* Data extract
■ ■ ■ ■ ■ ■ ■

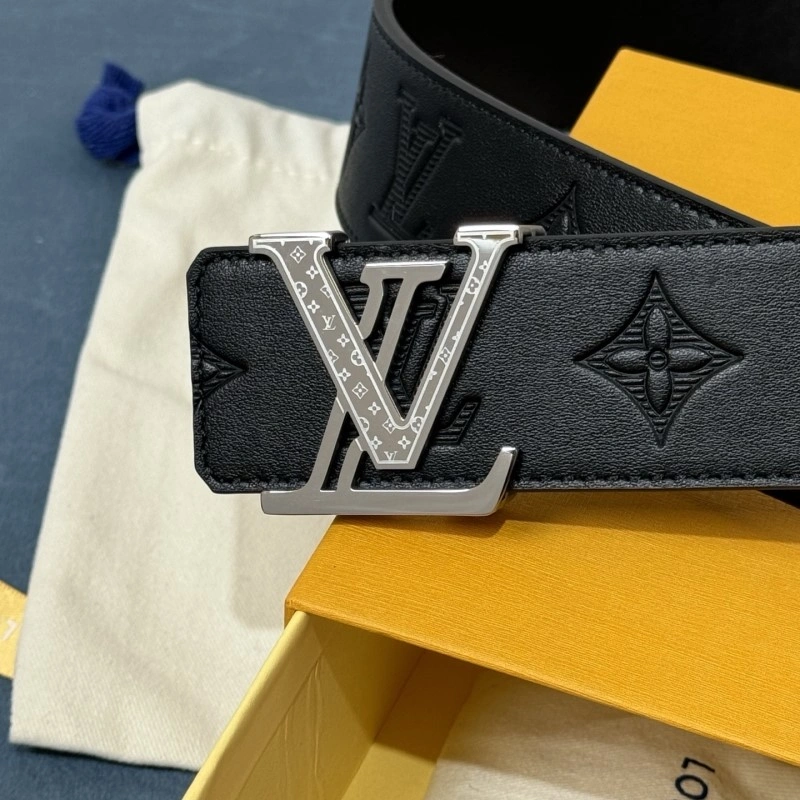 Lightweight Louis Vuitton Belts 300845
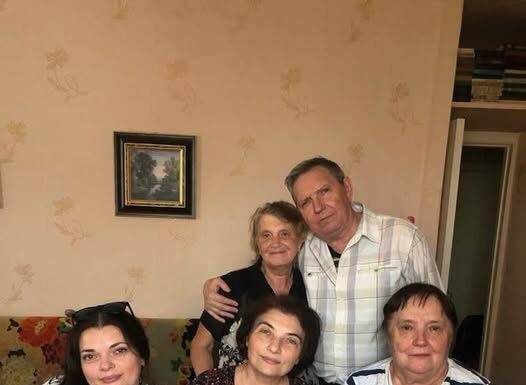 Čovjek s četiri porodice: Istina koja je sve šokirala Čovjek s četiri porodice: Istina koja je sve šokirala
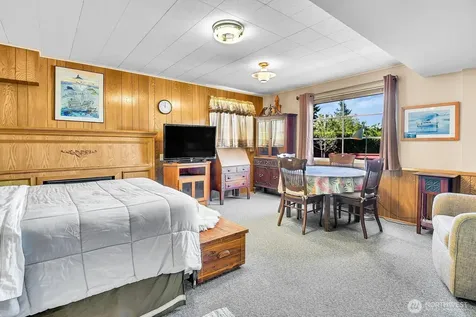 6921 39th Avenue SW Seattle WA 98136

■ ■ ■ ■ ■ ■ ■

* What the task requires
Could you transcribe exactly the lines from the one with "Čovjek s četiri porodice: Istina koja je sve šokirala Čovjek" through the end of the data, both ends included, and nothing else, skipping the pictures?

* Response to this task
 Čovjek s četiri porodice: Istina koja je sve šokirala Čovjek s četiri porodice: Istina koja je sve šokirala
 6921 39th Avenue SW Seattle WA 98136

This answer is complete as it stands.